But the question is never just what we celebrate. It is also who gets to gather and celebrate, and under what terms. The answers are rarely innocent. They carry centuries of exclusion, of walls around holy sites, of rules about who could touch water, of songs that only some were allowed to sing.
Still, against that weight, another current has always flowed. A quieter, riskier, stubborn one. A current where festivals were not tools of control but sparks of freedom. Where joy was not rationed by caste but shared as breath. Where devotion itself was justice. Buddha, Sant Ravidas, Kabir, the Phules, Babasaheb Ambedkar, they all carved out this other history of celebration. And it is this history, often ignored, that might give us a blueprint for the festivals we need today.

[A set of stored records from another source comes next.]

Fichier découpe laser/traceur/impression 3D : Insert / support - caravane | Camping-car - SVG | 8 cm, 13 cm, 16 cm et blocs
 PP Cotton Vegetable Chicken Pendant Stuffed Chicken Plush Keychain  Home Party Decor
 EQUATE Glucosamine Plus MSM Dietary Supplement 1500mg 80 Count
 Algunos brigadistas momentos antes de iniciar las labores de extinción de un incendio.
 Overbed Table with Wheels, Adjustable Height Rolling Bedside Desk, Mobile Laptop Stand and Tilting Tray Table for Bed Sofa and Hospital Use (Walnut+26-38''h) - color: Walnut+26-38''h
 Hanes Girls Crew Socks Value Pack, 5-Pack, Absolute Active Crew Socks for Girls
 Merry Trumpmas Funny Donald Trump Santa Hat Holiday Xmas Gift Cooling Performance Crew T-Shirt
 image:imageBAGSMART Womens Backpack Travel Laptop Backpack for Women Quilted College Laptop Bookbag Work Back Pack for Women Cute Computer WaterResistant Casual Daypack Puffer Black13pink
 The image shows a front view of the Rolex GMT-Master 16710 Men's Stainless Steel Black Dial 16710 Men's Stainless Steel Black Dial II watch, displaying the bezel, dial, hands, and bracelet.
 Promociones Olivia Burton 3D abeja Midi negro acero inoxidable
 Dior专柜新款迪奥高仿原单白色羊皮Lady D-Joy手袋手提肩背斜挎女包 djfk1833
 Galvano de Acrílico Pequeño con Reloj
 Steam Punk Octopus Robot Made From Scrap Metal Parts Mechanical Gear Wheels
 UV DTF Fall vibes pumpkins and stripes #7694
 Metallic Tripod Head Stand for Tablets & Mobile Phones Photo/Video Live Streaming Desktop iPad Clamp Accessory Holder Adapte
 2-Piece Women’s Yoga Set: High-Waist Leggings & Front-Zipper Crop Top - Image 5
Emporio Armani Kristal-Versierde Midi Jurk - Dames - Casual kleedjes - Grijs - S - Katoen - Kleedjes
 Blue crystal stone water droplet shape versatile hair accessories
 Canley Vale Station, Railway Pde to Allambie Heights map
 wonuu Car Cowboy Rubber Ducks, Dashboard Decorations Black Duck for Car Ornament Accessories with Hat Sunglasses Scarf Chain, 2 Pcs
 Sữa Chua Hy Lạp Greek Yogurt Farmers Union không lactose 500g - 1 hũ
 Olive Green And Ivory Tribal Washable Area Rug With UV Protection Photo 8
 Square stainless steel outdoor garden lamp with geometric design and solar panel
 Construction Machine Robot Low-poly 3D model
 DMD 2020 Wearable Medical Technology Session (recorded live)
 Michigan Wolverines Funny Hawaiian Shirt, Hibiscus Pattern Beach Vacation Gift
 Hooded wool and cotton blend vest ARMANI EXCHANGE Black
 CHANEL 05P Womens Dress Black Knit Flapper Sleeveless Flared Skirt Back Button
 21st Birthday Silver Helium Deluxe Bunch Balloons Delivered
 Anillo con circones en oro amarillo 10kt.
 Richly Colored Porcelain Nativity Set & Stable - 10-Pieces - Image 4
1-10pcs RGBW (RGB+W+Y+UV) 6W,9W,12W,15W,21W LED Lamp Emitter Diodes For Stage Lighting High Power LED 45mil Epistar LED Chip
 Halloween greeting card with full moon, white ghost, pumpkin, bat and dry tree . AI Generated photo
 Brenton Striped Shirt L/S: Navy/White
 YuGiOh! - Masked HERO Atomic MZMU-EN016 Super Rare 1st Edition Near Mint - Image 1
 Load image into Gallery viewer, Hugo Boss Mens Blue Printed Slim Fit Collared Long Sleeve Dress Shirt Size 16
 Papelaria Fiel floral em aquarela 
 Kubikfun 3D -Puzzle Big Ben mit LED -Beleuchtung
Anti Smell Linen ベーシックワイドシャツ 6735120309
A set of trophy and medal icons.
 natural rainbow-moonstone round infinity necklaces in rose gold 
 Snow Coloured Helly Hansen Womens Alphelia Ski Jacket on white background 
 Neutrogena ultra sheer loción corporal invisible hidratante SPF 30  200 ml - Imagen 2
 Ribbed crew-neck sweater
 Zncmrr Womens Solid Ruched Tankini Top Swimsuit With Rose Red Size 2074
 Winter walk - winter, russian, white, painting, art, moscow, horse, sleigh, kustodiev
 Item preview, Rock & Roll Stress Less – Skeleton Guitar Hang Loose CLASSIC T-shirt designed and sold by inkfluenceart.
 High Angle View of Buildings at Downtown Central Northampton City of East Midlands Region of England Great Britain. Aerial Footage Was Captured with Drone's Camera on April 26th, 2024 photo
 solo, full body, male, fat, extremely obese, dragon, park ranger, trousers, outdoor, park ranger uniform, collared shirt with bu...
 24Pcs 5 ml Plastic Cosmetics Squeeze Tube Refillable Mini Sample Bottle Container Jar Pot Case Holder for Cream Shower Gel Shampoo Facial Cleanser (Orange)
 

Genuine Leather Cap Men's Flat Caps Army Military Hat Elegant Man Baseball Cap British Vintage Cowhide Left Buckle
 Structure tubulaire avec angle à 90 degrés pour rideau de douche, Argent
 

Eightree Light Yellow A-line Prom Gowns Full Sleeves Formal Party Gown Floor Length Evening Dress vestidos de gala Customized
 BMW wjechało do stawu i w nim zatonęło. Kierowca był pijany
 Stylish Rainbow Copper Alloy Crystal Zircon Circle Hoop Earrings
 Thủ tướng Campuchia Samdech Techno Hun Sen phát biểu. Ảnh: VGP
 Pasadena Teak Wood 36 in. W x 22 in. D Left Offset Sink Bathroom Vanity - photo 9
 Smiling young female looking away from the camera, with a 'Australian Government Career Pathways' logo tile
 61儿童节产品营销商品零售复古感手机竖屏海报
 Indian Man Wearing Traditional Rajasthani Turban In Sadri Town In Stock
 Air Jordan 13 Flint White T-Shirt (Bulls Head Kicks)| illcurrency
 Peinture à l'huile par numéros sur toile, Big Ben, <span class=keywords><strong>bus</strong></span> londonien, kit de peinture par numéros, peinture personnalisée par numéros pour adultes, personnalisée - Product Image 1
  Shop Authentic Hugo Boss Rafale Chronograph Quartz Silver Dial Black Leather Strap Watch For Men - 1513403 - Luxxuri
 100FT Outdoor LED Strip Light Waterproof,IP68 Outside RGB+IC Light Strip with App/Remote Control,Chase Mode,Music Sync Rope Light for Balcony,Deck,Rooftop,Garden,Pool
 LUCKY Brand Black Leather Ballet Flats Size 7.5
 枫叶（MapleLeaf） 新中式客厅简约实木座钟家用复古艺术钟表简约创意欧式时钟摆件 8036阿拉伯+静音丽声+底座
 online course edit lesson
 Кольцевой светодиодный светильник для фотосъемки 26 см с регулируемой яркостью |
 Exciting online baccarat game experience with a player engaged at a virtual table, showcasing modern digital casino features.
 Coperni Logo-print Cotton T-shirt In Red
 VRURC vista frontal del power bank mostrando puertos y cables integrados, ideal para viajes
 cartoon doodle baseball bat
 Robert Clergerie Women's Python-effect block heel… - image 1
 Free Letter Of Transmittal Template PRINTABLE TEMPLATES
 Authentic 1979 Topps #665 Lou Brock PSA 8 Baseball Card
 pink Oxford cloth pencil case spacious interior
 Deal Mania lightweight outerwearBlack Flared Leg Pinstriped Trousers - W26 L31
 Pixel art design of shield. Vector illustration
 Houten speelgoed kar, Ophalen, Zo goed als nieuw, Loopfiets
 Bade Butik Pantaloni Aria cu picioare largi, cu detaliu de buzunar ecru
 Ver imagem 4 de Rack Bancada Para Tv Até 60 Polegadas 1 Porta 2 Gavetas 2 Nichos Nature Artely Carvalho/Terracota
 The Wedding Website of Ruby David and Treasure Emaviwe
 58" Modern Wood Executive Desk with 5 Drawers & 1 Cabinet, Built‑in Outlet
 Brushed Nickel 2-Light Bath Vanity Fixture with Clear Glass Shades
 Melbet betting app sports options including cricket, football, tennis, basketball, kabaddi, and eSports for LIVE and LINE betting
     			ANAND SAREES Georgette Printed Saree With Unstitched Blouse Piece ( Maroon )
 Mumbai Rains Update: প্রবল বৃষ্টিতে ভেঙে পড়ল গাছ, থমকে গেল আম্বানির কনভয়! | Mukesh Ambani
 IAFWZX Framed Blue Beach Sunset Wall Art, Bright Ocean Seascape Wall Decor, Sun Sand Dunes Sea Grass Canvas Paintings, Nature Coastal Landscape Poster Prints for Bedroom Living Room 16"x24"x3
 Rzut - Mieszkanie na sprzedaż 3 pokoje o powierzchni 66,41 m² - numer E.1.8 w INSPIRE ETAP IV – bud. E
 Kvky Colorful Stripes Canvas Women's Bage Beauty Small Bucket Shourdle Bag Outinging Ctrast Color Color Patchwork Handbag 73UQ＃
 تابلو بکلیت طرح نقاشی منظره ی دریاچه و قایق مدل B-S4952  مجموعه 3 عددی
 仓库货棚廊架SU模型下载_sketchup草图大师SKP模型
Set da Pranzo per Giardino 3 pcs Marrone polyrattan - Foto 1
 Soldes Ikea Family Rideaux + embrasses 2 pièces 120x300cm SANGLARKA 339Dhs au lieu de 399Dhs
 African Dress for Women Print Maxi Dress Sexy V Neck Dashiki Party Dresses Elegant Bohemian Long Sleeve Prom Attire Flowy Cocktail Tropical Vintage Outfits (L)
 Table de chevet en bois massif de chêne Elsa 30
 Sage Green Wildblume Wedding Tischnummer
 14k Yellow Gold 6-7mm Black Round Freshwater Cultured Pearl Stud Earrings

Imagine Ravidas, the leatherworker, hammer in one hand and song on his lips. His verses carried people into Begumpura, a city without sorrow, without taxes, without caste. Imagine that as a festival: no barricades, no rules of purity, no humiliation. Just music, community, food and dignity mingling into the air.
Imagine Kabir, he too sang festivals into being. Not the ones of idols and holy sites, but the ones where a weaver's loom was enough to gather people. He mocked the pomp of rituals, yet gave people something bigger to hold on to: a God beyond walls, a love that didn't ask for caste certificates. Imagine their gatherings, where festivals were reimagined as classrooms of dissent. Each song a sermon, each verse a firecracker against hierarchy.
For both Ravidas and Kabir, festivity was rebellion wrapped in rhythm. A reminder that joy can be resistance, and resistance can be joyful.